Data to examine:
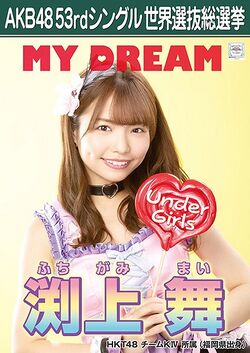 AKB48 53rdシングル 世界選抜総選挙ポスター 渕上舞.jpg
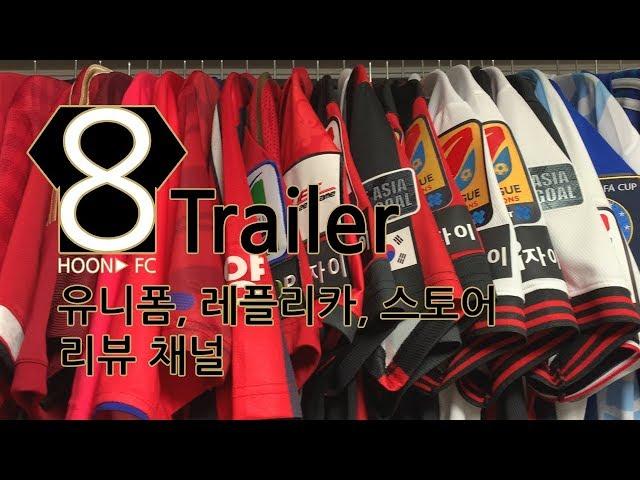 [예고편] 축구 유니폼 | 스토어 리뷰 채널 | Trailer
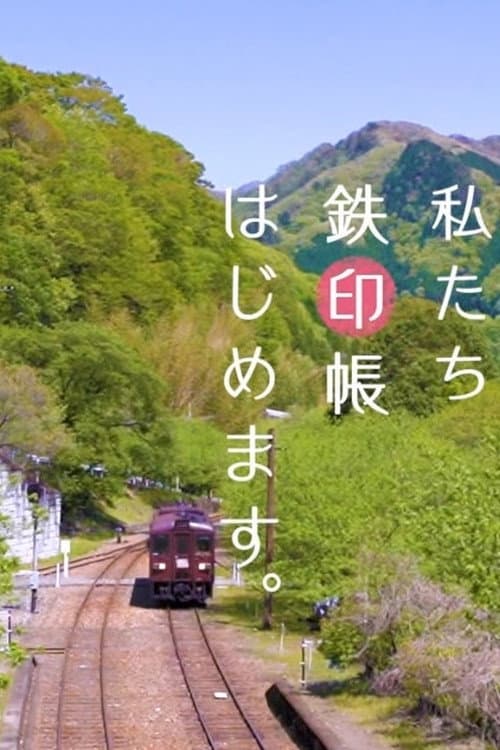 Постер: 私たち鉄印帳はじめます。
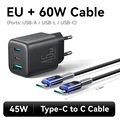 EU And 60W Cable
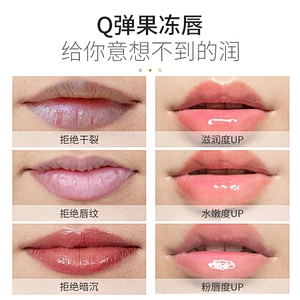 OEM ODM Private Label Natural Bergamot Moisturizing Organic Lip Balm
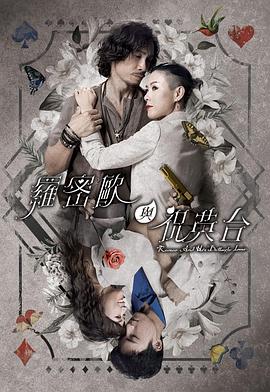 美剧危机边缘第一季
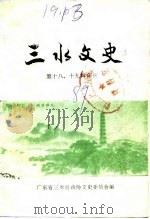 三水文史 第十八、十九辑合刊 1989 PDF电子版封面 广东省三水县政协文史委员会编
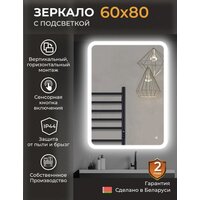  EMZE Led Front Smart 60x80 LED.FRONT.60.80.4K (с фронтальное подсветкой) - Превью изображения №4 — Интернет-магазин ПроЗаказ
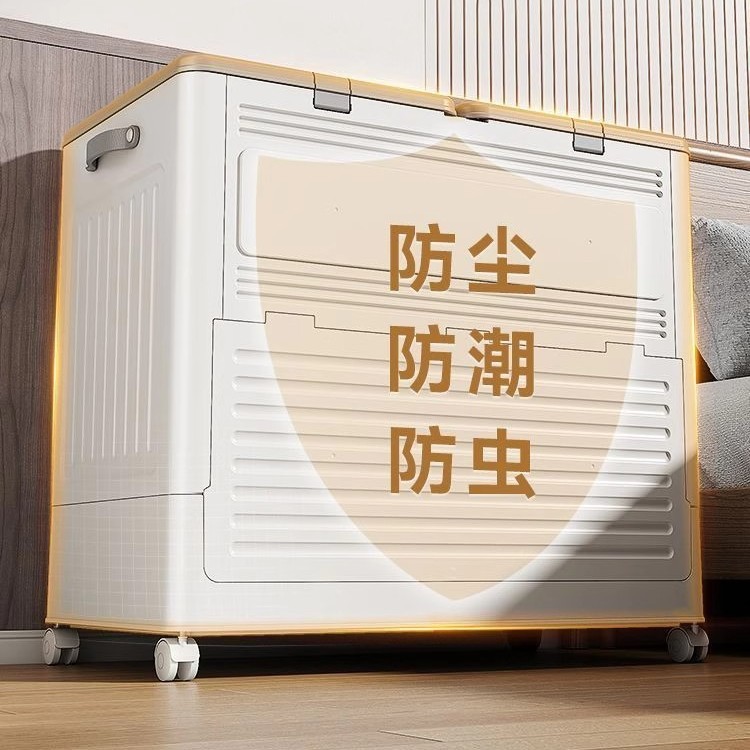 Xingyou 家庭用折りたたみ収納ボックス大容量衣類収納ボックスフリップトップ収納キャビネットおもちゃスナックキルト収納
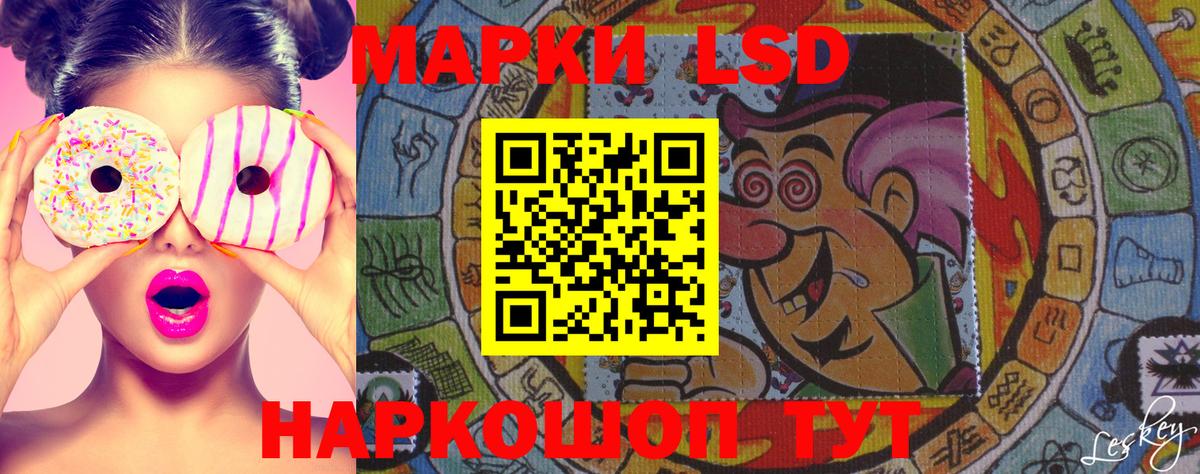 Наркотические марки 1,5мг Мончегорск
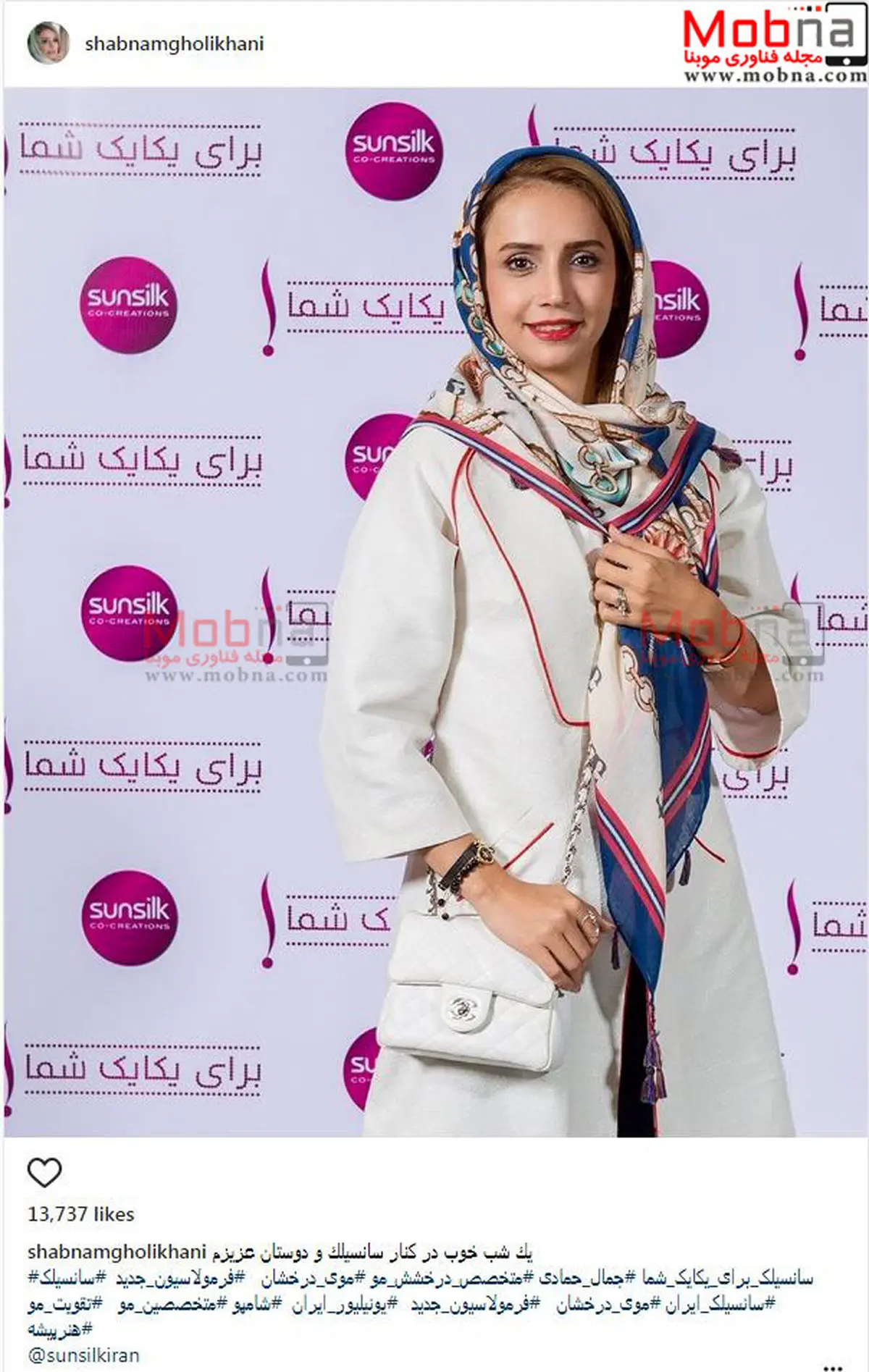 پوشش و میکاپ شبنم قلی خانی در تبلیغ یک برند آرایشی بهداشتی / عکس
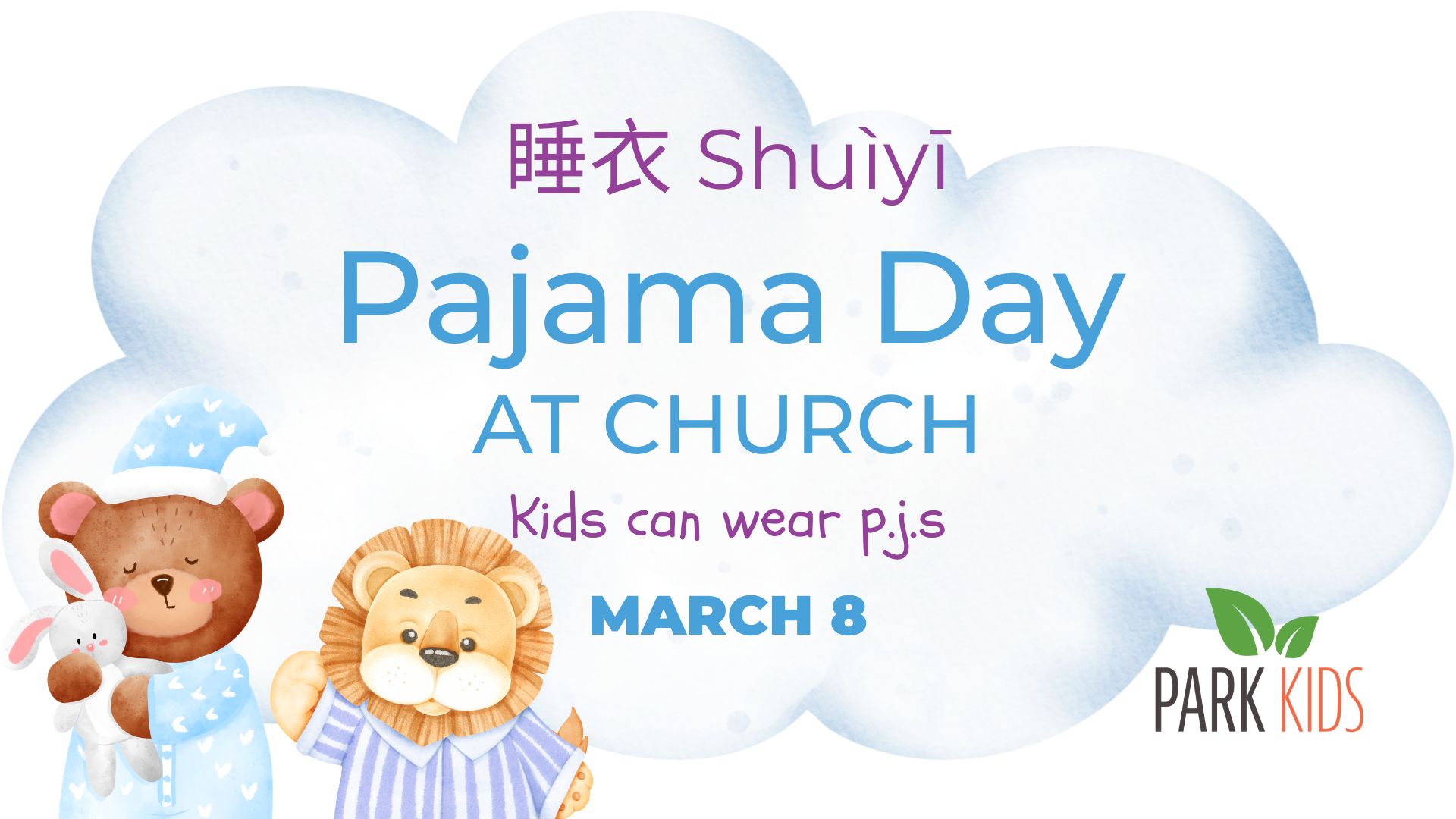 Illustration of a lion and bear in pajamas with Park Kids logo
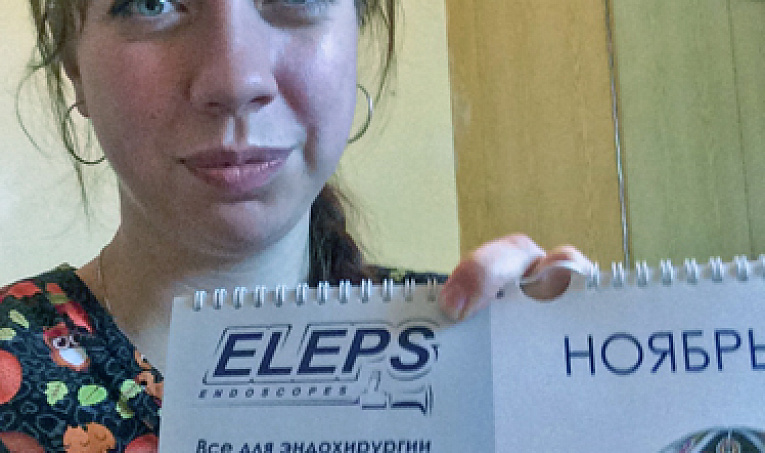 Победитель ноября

Prompt: Skip the pictures and retype exactly the lines from the one that contains "EU And 60W Cable" to the last line of the records.

Task response:
 EU And 60W Cable
 OEM ODM Private Label Natural Bergamot Moisturizing Organic Lip Balm
 美剧危机边缘第一季
 三水文史 第十八、十九辑合刊 1989 PDF电子版封面 广东省三水县政协文史委员会编
  EMZE Led Front Smart 60x80 LED.FRONT.60.80.4K (с фронтальное подсветкой) - Превью изображения №4 — Интернет-магазин ПроЗаказ
 Xingyou 家庭用折りたたみ収納ボックス大容量衣類収納ボックスフリップトップ収納キャビネットおもちゃスナックキルト収納
 Наркотические марки 1,5мг Мончегорск
 پوشش و میکاپ شبنم قلی خانی در تبلیغ یک برند آرایشی بهداشتی / عکس
 Illustration of a lion and bear in pajamas with Park Kids logo
 Победитель ноября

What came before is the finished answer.